For pregnant people, those antibodies are also passed on to their baby (in utero via the placenta and after delivery via breast milk).
You can reap the benefits of the vaccine during any trimester. “At the beginning, we were reluctant to use it in the first trimester,” says Dr. Daniel Roshan, a specialist in maternal-fetal medicine. This was largely because one side effect of the vaccine is a fever, which, while pretty innocuous for most of us, can be dangerous early in pregnancy, he explains.
Thanks to the combination of the growing pile of safety data as well as documented negative outcomes of unvaccinated pregnant people who have gotten COVID, most doctors now recommend getting the vaccine as soon as possible. “Mom’s response to the vaccine and protective antibody levels occur with vaccination in any trimester,” says Dr. Jordan. “And with hundreds of thousands of vaccinated women having delivered babies, there has been no increased incidence of adverse outcomes in the babies regardless of the trimester the vaccine was received.”
Eight months into the vaccine rollout, with hundreds of thousands of pregnant women who have gotten vaccinated and given birth, there is no evidence that the vaccine carries any risks to pregnancy or fertility.
There are, however, major risks if you get sick with COVID-19 while pregnant without having been vaccinated. “There is a significantly increased risk to pregnant women in comparison to nonpregnant women of the same age,” says Dr. Jordan.
If you’re otherwise healthy, your overall risk of serious illness is still low, she says but “we know that pregnancy makes you more likely to progress to severe disease, need hospitalization and the ICU, and that dozens of new mothers have died from COVID-19 in the U.S.” This is why healthcare providers are so serious about masking and social distancing in addition to getting vaccinated. And it’s not just about your health: “COVID-19 is associated with a higher risk of premature delivery, which puts the baby at risk for many health issues,” Dr. Jordan says. “Vaccines are a way to avoid or minimize these risks from COVID-19 to mom and baby.”

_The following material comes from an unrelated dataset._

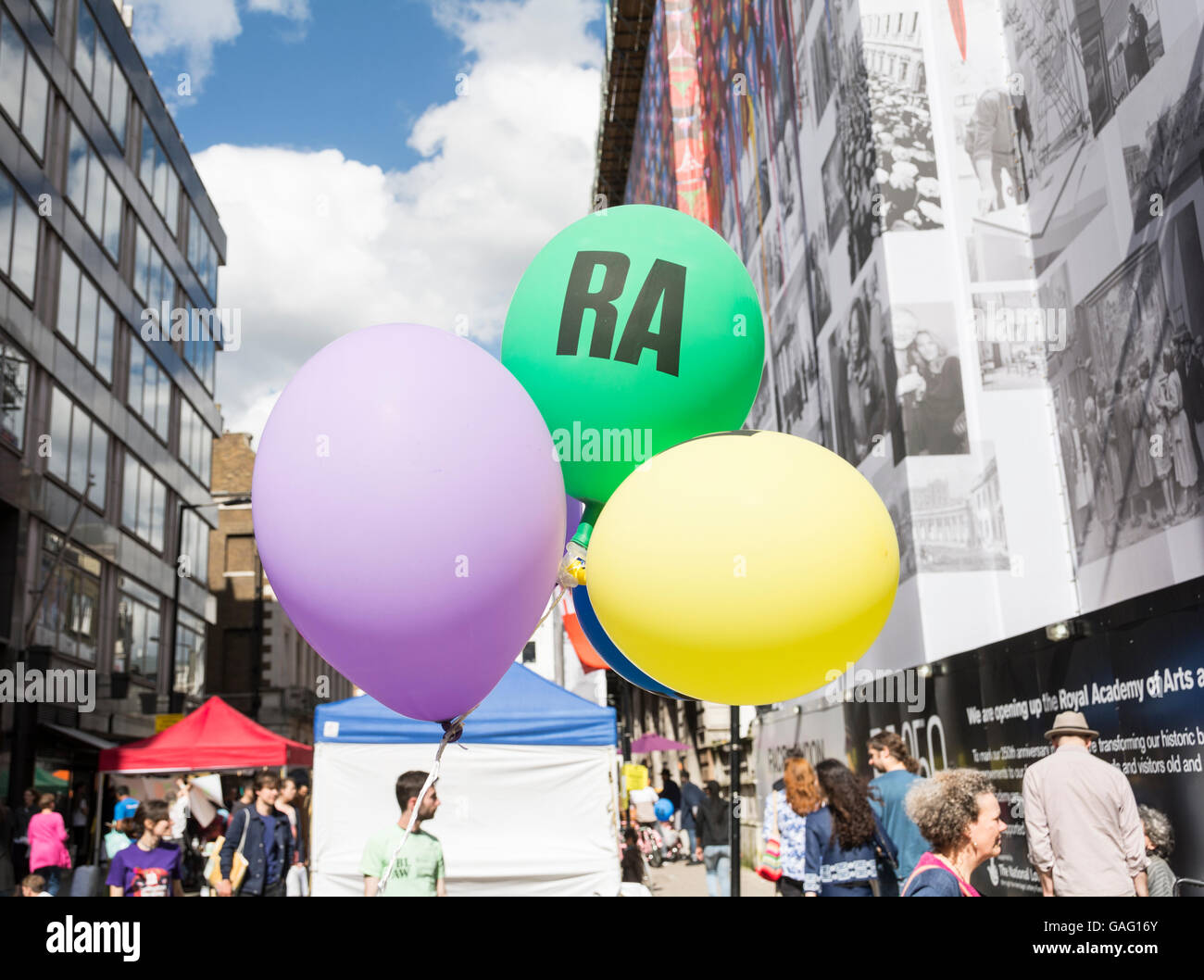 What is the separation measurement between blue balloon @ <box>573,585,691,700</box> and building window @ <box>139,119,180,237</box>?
108 ft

The vaccine is even more important for people with high-risk pregnancies (a term that applies to conditions like diabetes, obesity, or high blood pressure during pregnancy). In the general population, people with high-risk health conditions are also high-risk COVID patients, explains Dr. Roshan. “So pregnant patients who have high-risk conditions are even more likely to end up in the hospital,” he says. “At this time the vaccine is the best solution to prevent dying from COVID and prevent hospitalizations from COVID.”